Gaarudi Gombe is a folk dance prevalent in the state of Karnataka, India. Dancers adorn themselves with giant doll-suits made of bamboo sticks. The term Gaarudi-Gombe means magical-doll in the native language, Kannada. This dance is performed during major festivals and also in the procession held during the festivities of Mysore Dasara. This dance is also known as Tattiraya in the coastal districts of Karnataka. The term Tattiraya means a person carrying a doll made of bamboo sticks.

==Origin==
According to a legend, this dance was performed even in the times of the Hindu epic, Mahabharata. When the Hindu Lord Krishna's wife Satyabhama was angry with him, he soothed her anger by wearing a Gaarudi Gombe doll.

==Creation of the dolls==
The face of the doll is made up of wooden basket with papier-mache applied on it. Using appropriate sketches and colours, the face of the doll is created. Each face is supported by a wooden frame.

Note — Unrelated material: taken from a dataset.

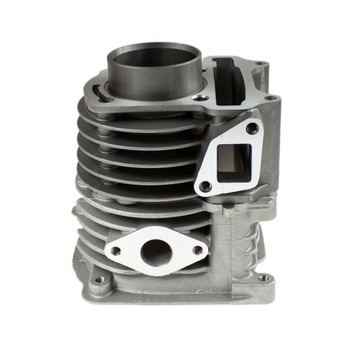 Самый большой ремкомплект двигателя 139QMB 80см3 китайских скутеров LUX 4T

The dolls can be as much as 10 to 12 feet in height and including the frame, the total weight can be as high as 40 kg. A person fits himself into the frame from the underside and performs the dance carrying this huge structure on his shoulder Provisions are made for the performer to see the outside world through an opening in the frame.

==The dance==
Due to the heavy weight of the dolls to be carried, most of the performers are men. The dance performance can go on for as much as eight hours, thus the performers take turns carrying the heavy dolls. Though the main idea behind the performance is to create a funny atmosphere, they are also used as a medium to ward off evil spirits.